A standardized DSR was proposed in Europe in late 1999 - early 2000, by an ETSI project named "Aurora"; and although it had momentum and a very effective noise-canceling DSR algorithm by Motorola's David Pearce, also Aurora's Chairman, Aurora died on the vine sometime around mid-2004 for a variety of reasons, among them (scuttlebutt) the unwillingness of mobile device manufacturers to support a standard protocol.
(Aurora's dilemma is discussed down below)
In February of 2001, DSR pages appeared in the IBM Israel-based Haifa Research Lab's website, noting with DSR, "speech accuracy is kept virtually unmodified" - and Haifa's research team demonstrated such to the 3GPP Group who then selected DSR as the recommended codec for Speech Enabled Services. The IBM Haifa Research site published a demonstration of DSR at work, & website pages about DSR updated until late 2004.
In May of 2001, L&H Automotive Solutions Group announced it was introducing DSR technology to the automotive market, noting " ...DSR-based interfaces give greater access to the wireless information and services that today's drivers are increasingly demanding." Unfortunately, little evolved from this, (that we know of) and shortly thereafter, Microsoft absorbed L&H and it's probable that any DSR projects/research fell by the wayside as a result.
In October of 2002, Conversay announced Qualcomm would be using Conversay's flavor of DSR in their MSM5100 chipset, but later data sheets and dev. news releases never again mentioned DSR.

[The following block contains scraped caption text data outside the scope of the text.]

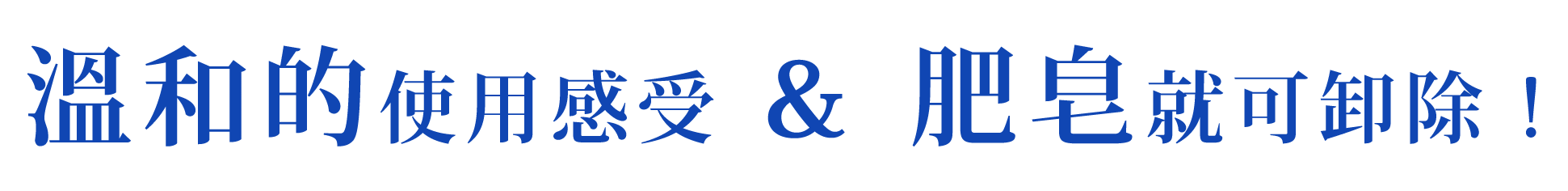 溫和的使用感受＆肥皂就可卸除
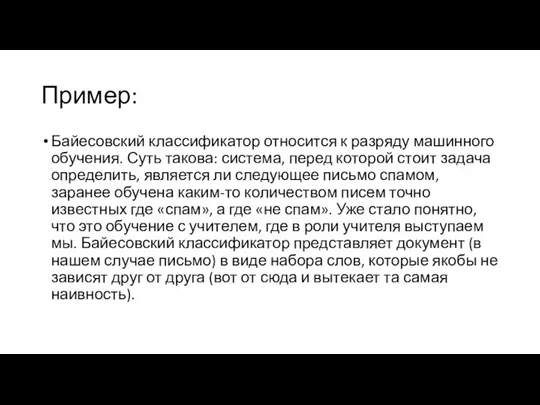 Пример: Байесовский классификатор относится к разряду машинного обучения. Суть такова: система, перед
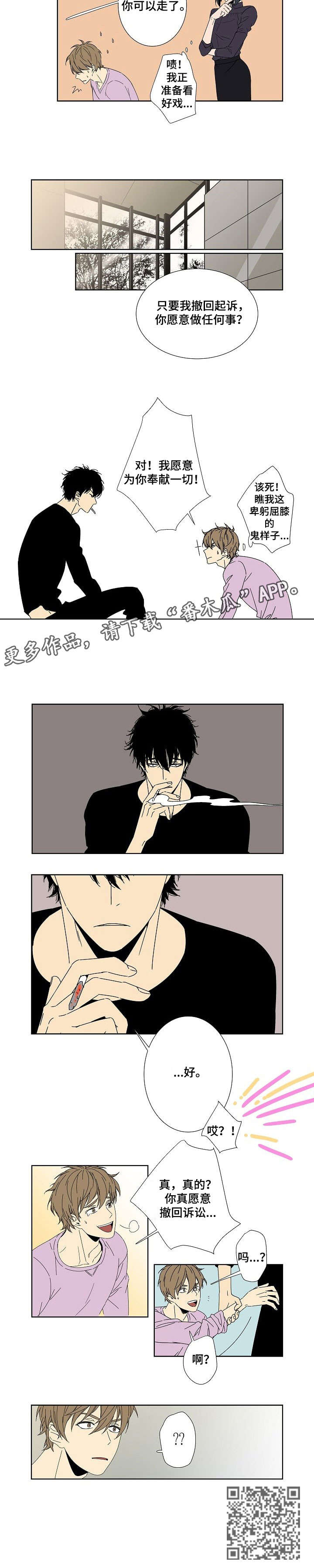 独家合同漫画,第4章：认错5图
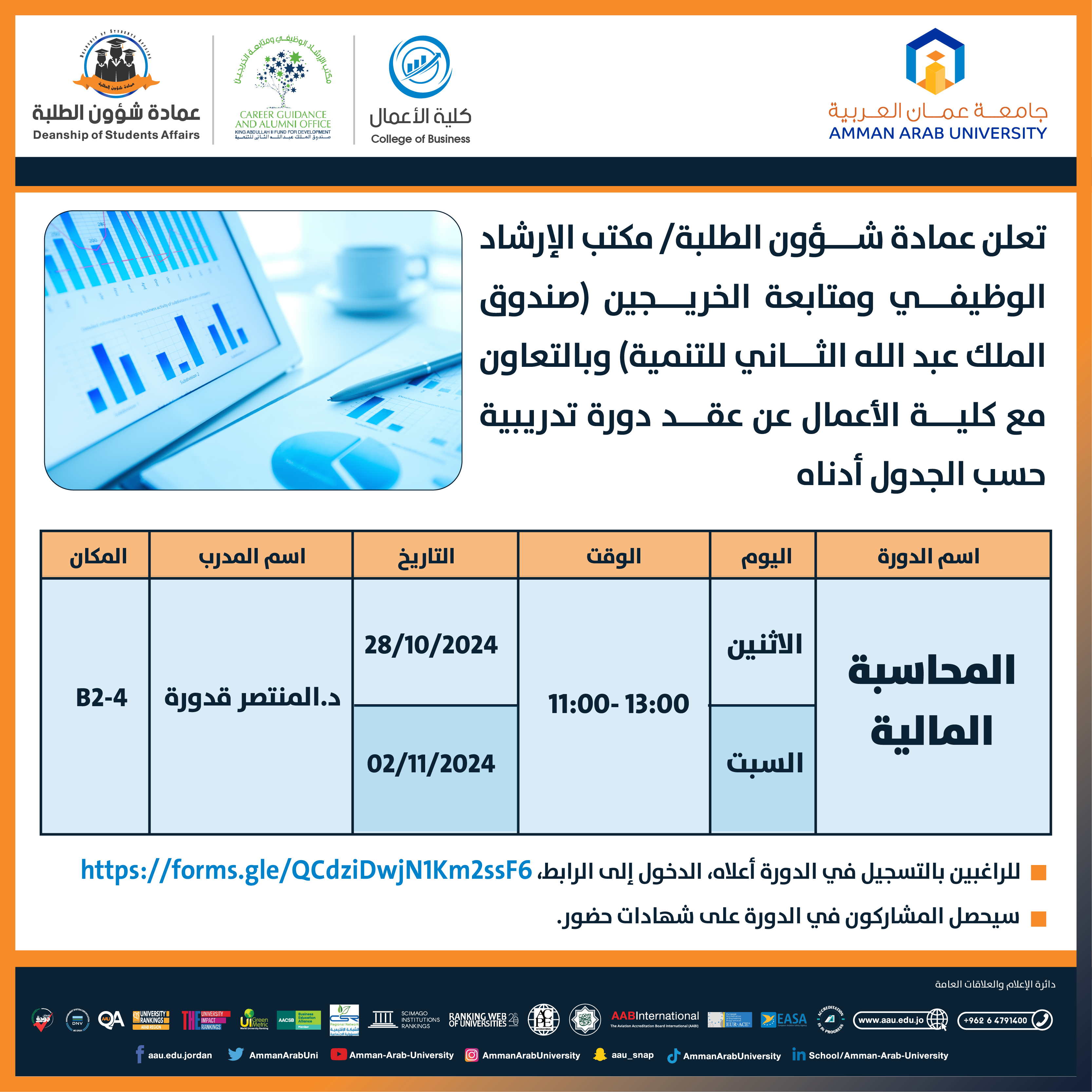 دورة تدريبية بعنوان المحاسبة المالية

In June 2004 3GPP approved the DSR Extended Advanced Front-end as the recommended codec for “Speech Enabled Services”.
(click here to jump to test data)
Very little seems to have happened with DSR for about a year; then in August 2005 the central IBM Research website began posting pages about IBM's efforts towards DSR; and IBM also noted a new, and attractive feature of DSR - single-channel multimodal synchronization, and, using only the data channel of emerging wireless schemes..
"... Using DSR, multi-modal applications can send speech data and application data together on one channel"
" ... The DSR solution typically works in a VoIP call environment."
" ... In these cases, all the information flows through a single data channel, as opposed to a voice channel that is used, for example, for regular phone conversations. Most new cellular communication technologies, such as GPRS or 3G, support data channels. "
When we were looking again at DSR, and publishing this post, our Project Mgr. was advised by David Pearce of an encouraging article that appeared in the VoiceXMLReview.org website, in December of 2005. David's page offers some very nice comparison data on DSR and some in depth looks at it's implementation, and moreover, DSR is available.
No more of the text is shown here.